_Exercise requirements_: Repeat the listing below in full and exactly, but without its pictures.

_Provided records_:
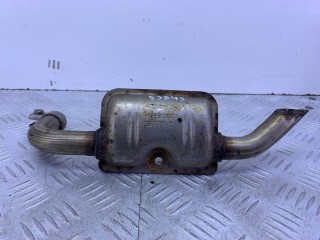 глушитель автономного отопителя Peugeot 807 1 поколение (2002 - 2008), 2.2 л., 4HW (DW12TED4), дизель, 6МКПП, серебро, минивэн, передний привод, 98770C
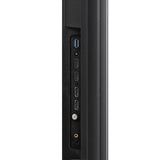 MirageVision Gold Outdoor TV — Partial-Sun Mini-LED 4K IP55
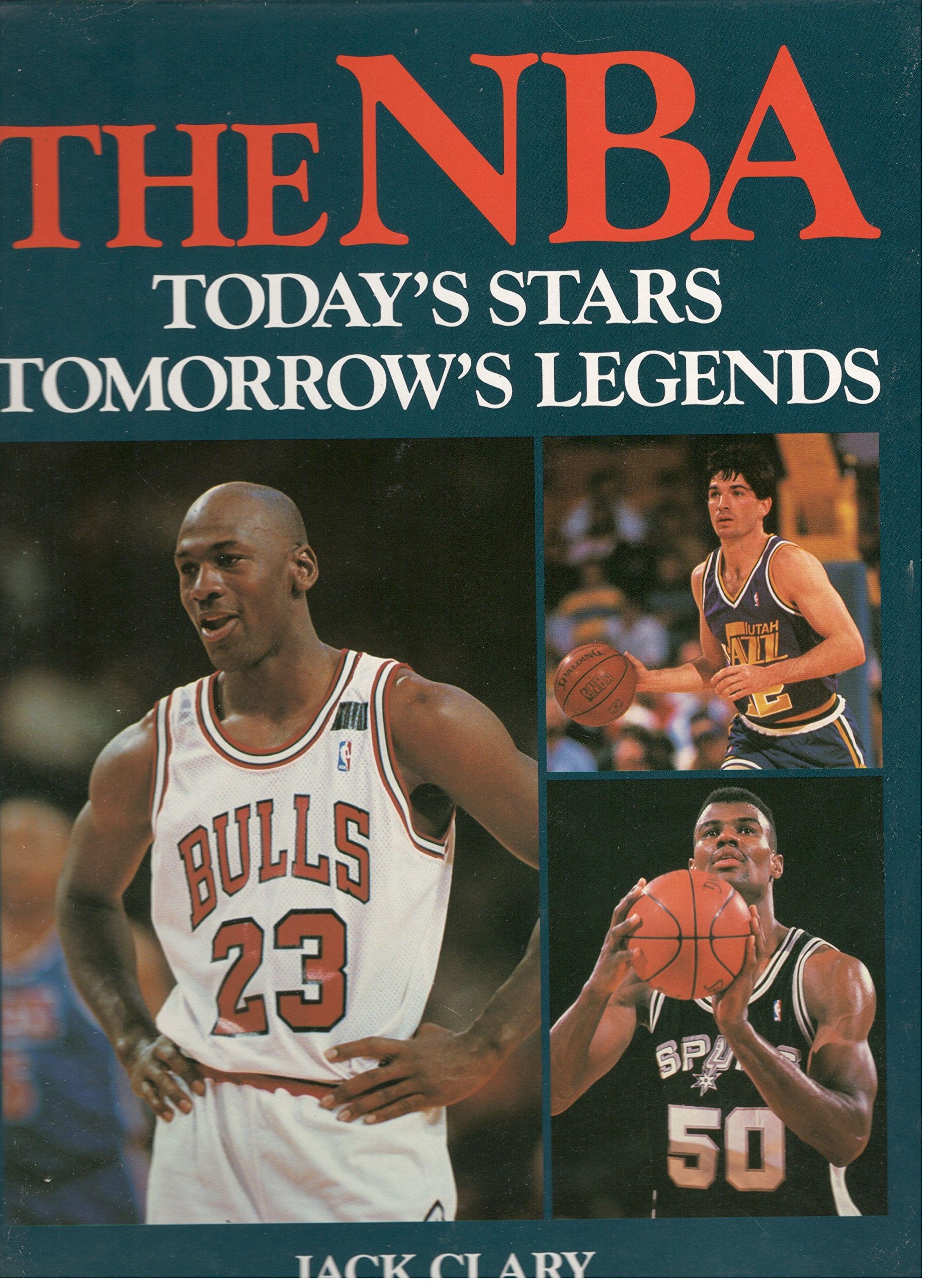 The Nba: Today's Stars Tomorrow's Legends,Used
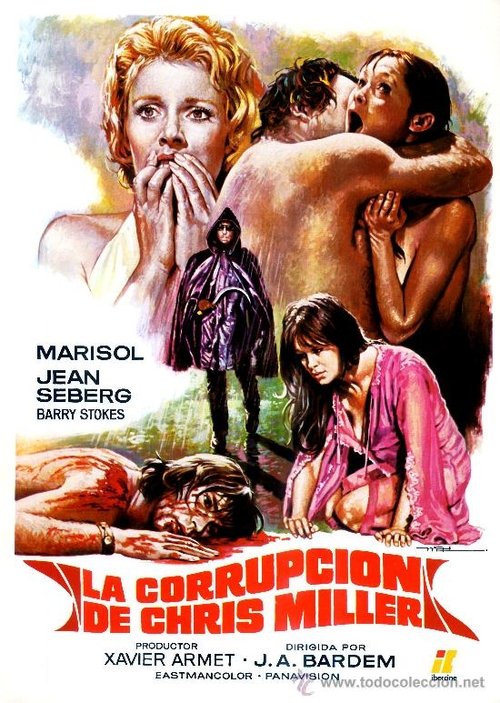 Совращение Крис Миллер (1973) — постер фильма, смотреть онлайн в HD на HDRezka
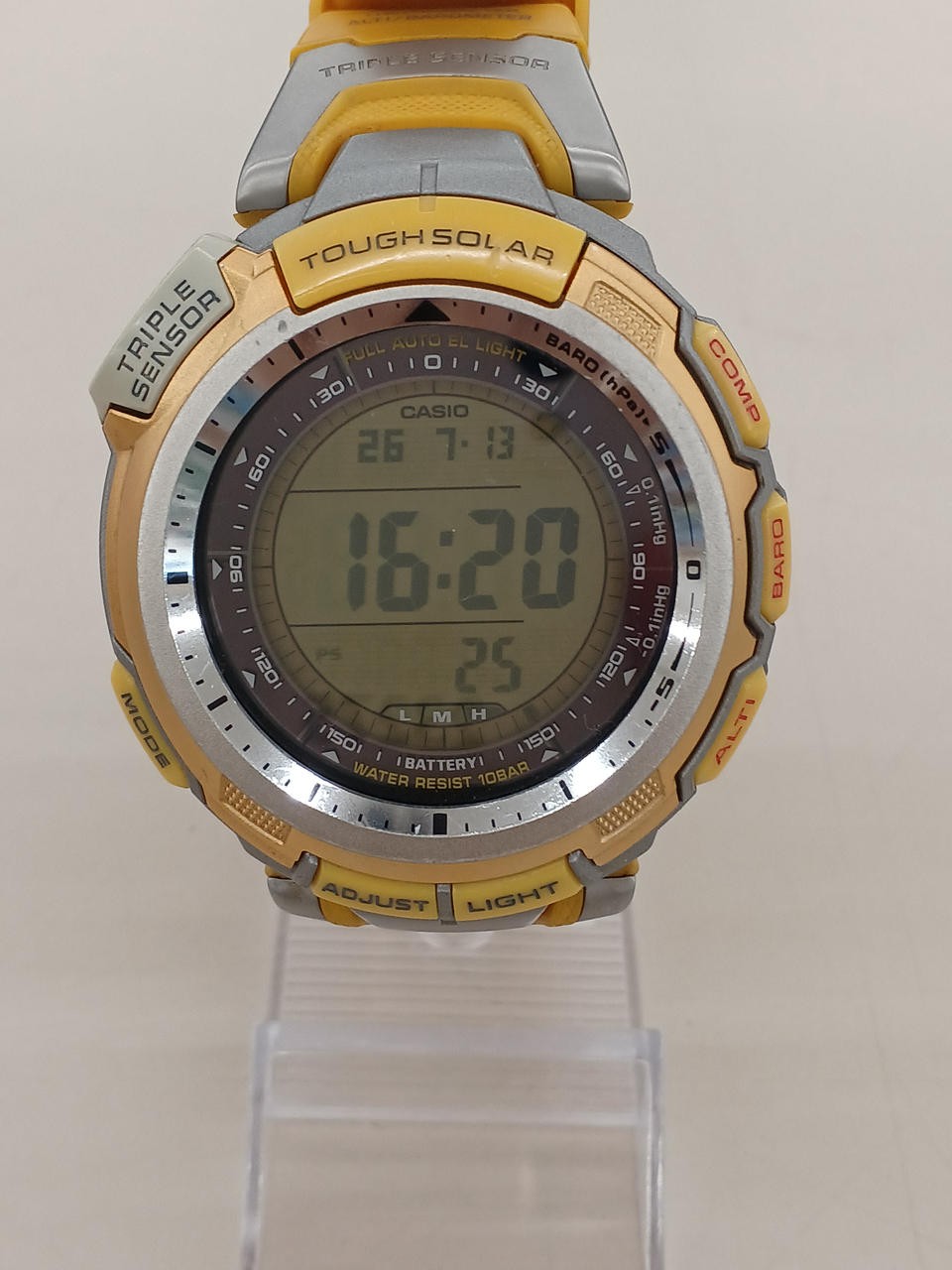 CASIO PRG-110C Wristwatch Used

_Result of this exercise_:
 глушитель автономного отопителя Peugeot 807 1 поколение (2002 - 2008), 2.2 л., 4HW (DW12TED4), дизель, 6МКПП, серебро, минивэн, передний привод, 98770C
 MirageVision Gold Outdoor TV — Partial-Sun Mini-LED 4K IP55
 The Nba: Today's Stars Tomorrow's Legends,Used
 Совращение Крис Миллер (1973) — постер фильма, смотреть онлайн в HD на HDRezka
 CASIO PRG-110C Wristwatch Used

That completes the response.